Eis os chamados "Princípios" que podem ajudar na busca da unidade interior.

1. Ir contra a evolução das coisas é ir contra si mesmo.

2. Quando forças algo para um fim, produzes o contrário.

3. Não te oponhas a uma grande força. Retrocede até que ela se debilite; então, avança com resolução.

4. As coisas estão bem quando avançam em conjunto, não isoladamente.

5. Se para ti estão bem o dia e a noite, o Verão e o Inverno, superaste as contradições.

6. Se persegues o prazer, acorrentas-te ao sofrimento. Mas, contanto que não prejudiques a tua saúde, goza sem inibição quando a oportunidade se apresente.

7. Se persegues um fim, acorrentas-te. Se tudo o que fazes é realizado como se fosse um fim em si mesmo, libertas-te.

8. Farás desaparecer os teus conflitos quando os entendas na sua última raiz e não quando os queiras resolver.

9. Quando prejudicas os demais, ficas acorrentado. Mas, se não prejudicas outros, podes fazer tudo o que queiras com liberdade.

10. Quando tratas os outros como queres que te tratem, libertas-te.

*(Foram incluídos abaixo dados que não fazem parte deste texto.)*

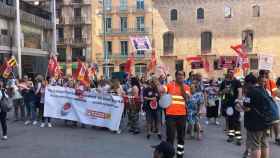 Trabajadores del servicio de teleasistencia se manifiestan en la puerta del Ayuntamiento / @ccoocatalunya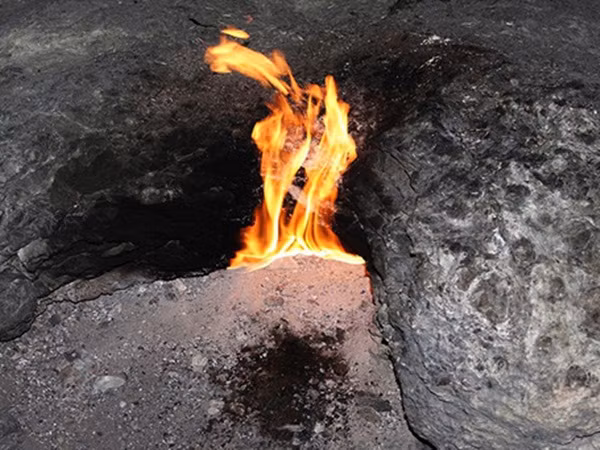 Hố sâu bí ẩn tự phun lửa tại Mỹ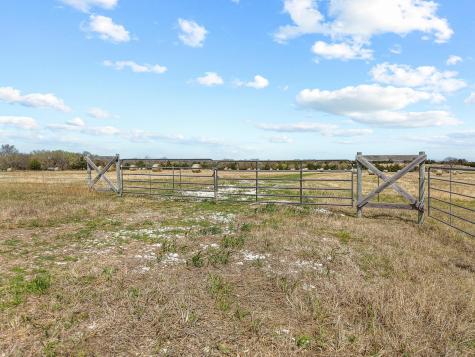 Tbd Crews Road Bells TX 75414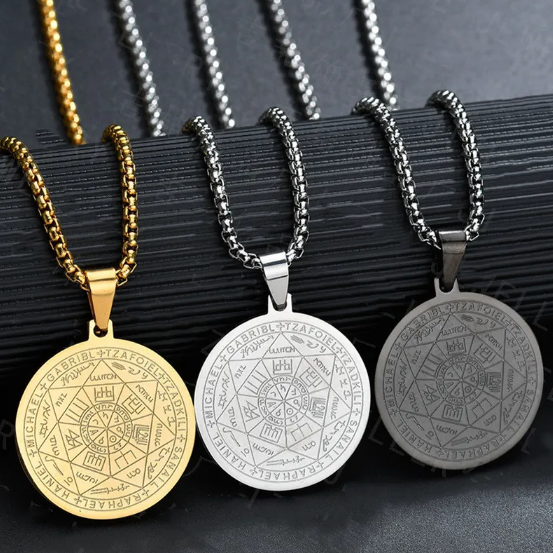 Collar con Medallón de Tríton Ángel Seis Estrellas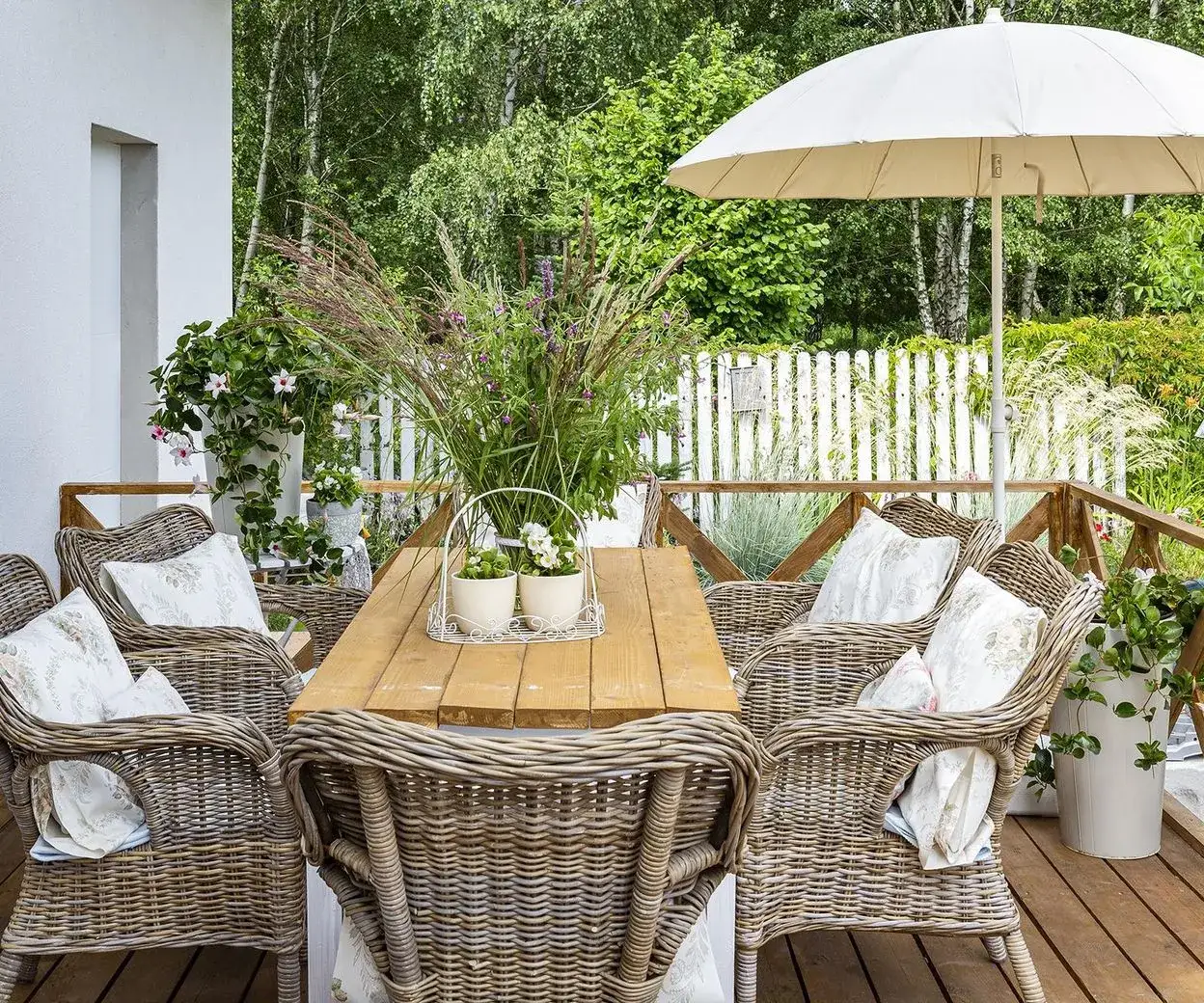 Zdjęcie Jak odnowić wiklinowe meble ogrodowe i przywrócić im blask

11. Não importa em que facção ou grupo te puseram os acontecimentos. O que importa é que compreendas que tu não escolheste nenhum grupo.

12. Os actos contraditórios ou unitivos acumulam-se em ti. Se repetes os teus actos de unidade interna, já nada poderá deter-te.

Serás como uma força da natureza quando à sua passagem não encontra resistência. Aprende a distinguir aquilo que é dificuldade, problema, inconveniente, disto que é contradição. Se aqueles te movem ou te incitam, esta imobiliza-te num círculo fechado.

Quando encontres uma grande força, alegria e bondade no teu coração; ou quando te sintas livre e sem contradições, imediatamente agradece no teu interior. Quando te aconteça o contrário, pede com fé e aquele agradecimento que acumulaste voltará convertido e ampliado em benefício.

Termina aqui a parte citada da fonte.